When the Morgan Bank took the lead in charging fees by announcing institutional fees of one-quarter of 1% in the late 1960s, conventional Wall Street wisdom held that the move would cost the bank a ton of business. Actually, it lost only one account. Thus began nearly a half century of persistent fee increases, facilitated by client perceptions that fees were comfortably exceeded by incremental returns—if the right manager was chosen. Even today, despite extensive evidence to the contrary, both individual and institutional investors typically expect their chosen managers to produce significantly higher-than-market returns. That’s why fees have seemed “low.”

A relatively minor anomaly is getting more attention: While asset-based fees have increased substantially over the past 50 years—more than fourfold for both institutional and individual investors—investment results have not improved for many reasons. Changes in the equity market have been substantial, particularly in aggregate. Over the past 50 years, trading volume has increased 2,000 times—from 2 million shares a day to 4 billion—while derivatives, in value traded, have gone from zero to far more than the “cash” market. Institutional activity on the stock exchanges has gone from under 10% of trading to over 90%. And a wide array of game changers—Bloomberg, CFA charterholders, computer models, globalization, hedge funds, high-frequency trading, the internet, and so on—have become major factors in the market.

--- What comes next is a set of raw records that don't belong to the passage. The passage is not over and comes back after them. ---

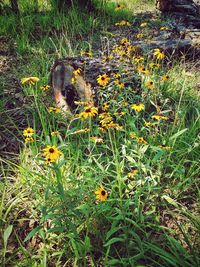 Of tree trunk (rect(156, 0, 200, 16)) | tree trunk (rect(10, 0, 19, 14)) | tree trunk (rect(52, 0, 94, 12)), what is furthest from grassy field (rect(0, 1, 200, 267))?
tree trunk (rect(156, 0, 200, 16))

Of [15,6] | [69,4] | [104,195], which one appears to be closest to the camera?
[104,195]

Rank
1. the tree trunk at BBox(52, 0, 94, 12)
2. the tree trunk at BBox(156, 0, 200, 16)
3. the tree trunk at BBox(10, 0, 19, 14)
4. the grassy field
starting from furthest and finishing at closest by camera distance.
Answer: the tree trunk at BBox(156, 0, 200, 16) < the tree trunk at BBox(52, 0, 94, 12) < the tree trunk at BBox(10, 0, 19, 14) < the grassy field

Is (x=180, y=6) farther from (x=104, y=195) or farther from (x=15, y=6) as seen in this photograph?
(x=104, y=195)

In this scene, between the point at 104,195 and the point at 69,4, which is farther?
the point at 69,4

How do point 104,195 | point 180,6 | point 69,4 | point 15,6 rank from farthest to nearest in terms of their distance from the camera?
point 180,6 → point 69,4 → point 15,6 → point 104,195

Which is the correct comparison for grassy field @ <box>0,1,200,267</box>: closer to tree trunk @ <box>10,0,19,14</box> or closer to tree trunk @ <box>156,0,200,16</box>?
tree trunk @ <box>10,0,19,14</box>

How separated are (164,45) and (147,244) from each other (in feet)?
8.79

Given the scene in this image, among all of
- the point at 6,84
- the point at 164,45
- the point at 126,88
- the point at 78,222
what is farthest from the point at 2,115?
the point at 164,45

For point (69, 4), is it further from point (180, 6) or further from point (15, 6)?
point (180, 6)

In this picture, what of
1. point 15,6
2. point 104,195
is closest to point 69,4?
point 15,6

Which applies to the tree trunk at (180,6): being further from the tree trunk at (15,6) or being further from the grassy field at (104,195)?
the grassy field at (104,195)

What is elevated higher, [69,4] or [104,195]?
[69,4]

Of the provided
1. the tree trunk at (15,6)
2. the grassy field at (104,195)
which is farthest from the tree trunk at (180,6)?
the grassy field at (104,195)

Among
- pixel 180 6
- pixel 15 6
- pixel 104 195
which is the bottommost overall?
pixel 104 195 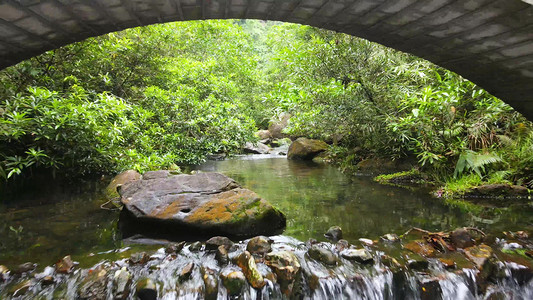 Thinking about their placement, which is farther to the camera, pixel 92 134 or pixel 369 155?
pixel 369 155

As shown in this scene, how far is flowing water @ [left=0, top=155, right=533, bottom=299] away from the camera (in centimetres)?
322

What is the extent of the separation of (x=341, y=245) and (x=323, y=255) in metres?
0.47

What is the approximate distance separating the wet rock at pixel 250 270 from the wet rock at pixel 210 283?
1.09ft

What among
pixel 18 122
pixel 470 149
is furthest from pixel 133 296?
pixel 470 149

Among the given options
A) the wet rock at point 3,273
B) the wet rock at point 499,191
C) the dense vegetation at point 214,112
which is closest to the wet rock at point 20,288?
the wet rock at point 3,273

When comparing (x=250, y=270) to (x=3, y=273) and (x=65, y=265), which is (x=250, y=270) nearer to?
(x=65, y=265)

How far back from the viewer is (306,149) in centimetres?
1565

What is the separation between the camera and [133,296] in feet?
9.89

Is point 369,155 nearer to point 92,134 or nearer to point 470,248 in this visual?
point 470,248

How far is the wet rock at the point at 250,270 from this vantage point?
3.18 metres

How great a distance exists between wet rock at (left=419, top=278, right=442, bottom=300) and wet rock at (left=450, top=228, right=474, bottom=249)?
3.14 ft

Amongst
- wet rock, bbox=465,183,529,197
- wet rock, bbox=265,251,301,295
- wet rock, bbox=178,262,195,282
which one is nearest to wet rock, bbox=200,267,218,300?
wet rock, bbox=178,262,195,282

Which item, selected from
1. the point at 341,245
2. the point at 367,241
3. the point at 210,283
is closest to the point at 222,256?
the point at 210,283

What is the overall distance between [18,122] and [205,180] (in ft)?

Most important, the worldwide increase in the number of highly trained professionals, all working intensely to achieve any competitive advantage, has been phenomenal. Consequently, today’s stock market is an aggregation of all the expert estimates of price-to-value coming every day from extraordinary numbers of hardworking, independent, experienced, well-informed, professional decision makers. The result is the world’s largest ever “prediction market.” Against this consensus of experts, managers of diversified portfolios of publicly traded securities who strive to beat the market are sorely challenged.

If the upward trend of fees and the downward trend of prospects for beat-the-market performance wave a warning flag for investors—as they certainly should—objective reality should cause all investors who believe investment management fees are low to reconsider.1 Seen from the right perspective, active management fees are not low—they are high, very high.

Extensive, undeniable data show that identifying in advance any one particular investment manager who will—after costs, taxes, and fees—achieve the holy grail of beating the market is highly improbable. Yes, Virginia, some managers will always beat the market, but we have no reliable way of determining in advance which managers will be the lucky ones.

Price is surely not everything, but just as surely, when analyzed as incremental fees for incremental returns, investment management fees are not “almost nothing.” No wonder increasing numbers of individual and institutional investors are turning to exchange-traded funds and index funds—and those experienced with either or both are steadily increasing their use of them.

Meanwhile, those hardworking and happy souls immersed in the fascinating complexities of active investment management might well wonder, Are we and our industry-wide compensation in a global bubble of our own creation? Does a specter of declining fees haunt our industry’s future? I believe it does, particularly for those who serve individual and institutional investors and continue to define their mission as beat-the-market performance.

Notes
1. The announcement in February by the U.S. Labor Department that it will require more disclosure of fees to 401(k) sponsors and participants may help some investors do so.